(Data entries)
==========
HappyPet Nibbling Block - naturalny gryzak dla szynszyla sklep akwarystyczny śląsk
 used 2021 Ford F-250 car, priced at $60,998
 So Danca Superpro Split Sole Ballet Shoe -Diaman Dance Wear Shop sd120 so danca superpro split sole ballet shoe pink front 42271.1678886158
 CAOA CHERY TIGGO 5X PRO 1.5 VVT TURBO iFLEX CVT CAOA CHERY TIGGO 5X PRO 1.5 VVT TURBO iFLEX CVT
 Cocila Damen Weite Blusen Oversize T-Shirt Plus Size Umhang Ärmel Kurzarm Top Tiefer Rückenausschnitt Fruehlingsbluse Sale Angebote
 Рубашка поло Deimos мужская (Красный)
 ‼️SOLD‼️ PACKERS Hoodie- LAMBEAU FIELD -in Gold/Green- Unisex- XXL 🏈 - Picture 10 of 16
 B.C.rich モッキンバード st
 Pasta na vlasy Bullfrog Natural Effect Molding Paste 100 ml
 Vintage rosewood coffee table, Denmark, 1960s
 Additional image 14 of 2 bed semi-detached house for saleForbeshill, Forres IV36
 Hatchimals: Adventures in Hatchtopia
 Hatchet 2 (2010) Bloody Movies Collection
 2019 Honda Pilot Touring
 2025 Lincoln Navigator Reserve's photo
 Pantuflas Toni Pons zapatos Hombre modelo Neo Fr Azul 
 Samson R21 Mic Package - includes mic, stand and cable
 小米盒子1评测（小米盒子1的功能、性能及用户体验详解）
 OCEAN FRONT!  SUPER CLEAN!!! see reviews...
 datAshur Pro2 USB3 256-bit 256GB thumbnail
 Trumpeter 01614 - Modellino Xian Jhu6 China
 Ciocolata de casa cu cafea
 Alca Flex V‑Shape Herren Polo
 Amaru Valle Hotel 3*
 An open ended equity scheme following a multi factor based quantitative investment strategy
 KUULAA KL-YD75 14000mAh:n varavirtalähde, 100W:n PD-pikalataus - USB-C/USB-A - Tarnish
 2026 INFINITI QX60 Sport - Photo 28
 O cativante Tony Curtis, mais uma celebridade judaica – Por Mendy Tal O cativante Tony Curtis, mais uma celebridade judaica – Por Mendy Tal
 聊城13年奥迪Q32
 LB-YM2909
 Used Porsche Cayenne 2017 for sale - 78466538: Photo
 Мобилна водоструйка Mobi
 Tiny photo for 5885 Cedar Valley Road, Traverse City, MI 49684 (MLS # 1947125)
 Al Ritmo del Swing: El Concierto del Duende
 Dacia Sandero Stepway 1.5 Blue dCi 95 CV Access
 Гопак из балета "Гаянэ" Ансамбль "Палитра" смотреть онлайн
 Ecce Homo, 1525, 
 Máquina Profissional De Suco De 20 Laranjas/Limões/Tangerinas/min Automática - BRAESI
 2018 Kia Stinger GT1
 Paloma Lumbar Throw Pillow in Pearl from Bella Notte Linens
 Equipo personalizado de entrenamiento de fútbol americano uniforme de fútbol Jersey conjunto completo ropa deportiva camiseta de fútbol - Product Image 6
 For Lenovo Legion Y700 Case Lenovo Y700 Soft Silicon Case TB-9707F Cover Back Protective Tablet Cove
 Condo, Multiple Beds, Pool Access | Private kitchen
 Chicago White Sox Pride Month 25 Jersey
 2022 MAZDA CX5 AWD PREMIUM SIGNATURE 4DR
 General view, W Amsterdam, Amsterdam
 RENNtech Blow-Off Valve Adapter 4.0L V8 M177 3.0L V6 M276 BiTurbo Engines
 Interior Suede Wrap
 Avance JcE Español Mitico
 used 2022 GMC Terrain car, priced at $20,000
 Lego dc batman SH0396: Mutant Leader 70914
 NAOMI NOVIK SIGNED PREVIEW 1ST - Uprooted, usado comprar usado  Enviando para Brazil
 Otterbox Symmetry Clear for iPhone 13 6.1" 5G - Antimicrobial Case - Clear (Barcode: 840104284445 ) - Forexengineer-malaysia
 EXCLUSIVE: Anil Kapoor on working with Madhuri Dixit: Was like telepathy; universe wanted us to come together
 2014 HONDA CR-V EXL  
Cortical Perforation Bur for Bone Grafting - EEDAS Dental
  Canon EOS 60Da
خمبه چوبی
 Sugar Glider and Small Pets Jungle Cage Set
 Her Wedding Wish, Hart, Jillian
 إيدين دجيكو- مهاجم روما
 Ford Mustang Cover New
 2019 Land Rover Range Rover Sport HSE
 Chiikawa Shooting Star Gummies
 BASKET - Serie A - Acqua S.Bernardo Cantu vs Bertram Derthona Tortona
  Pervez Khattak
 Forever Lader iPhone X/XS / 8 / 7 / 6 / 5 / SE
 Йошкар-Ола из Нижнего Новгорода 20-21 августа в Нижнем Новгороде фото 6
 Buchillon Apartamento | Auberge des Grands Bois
==========
- [What the exercise asks]: What you give back should be only the lines of the records above, starting at the line with "Sugar Glider and Small Pets Jungle Cage Set" and ending at the line with "Forever Lader iPhone", restated word for word.

- [Task response]:
 Sugar Glider and Small Pets Jungle Cage Set
 Her Wedding Wish, Hart, Jillian
 إيدين دجيكو- مهاجم روما
 Ford Mustang Cover New
 2019 Land Rover Range Rover Sport HSE
 Chiikawa Shooting Star Gummies
 BASKET - Serie A - Acqua S.Bernardo Cantu vs Bertram Derthona Tortona
  Pervez Khattak
 Forever Lader iPhone X/XS / 8 / 7 / 6 / 5 / SE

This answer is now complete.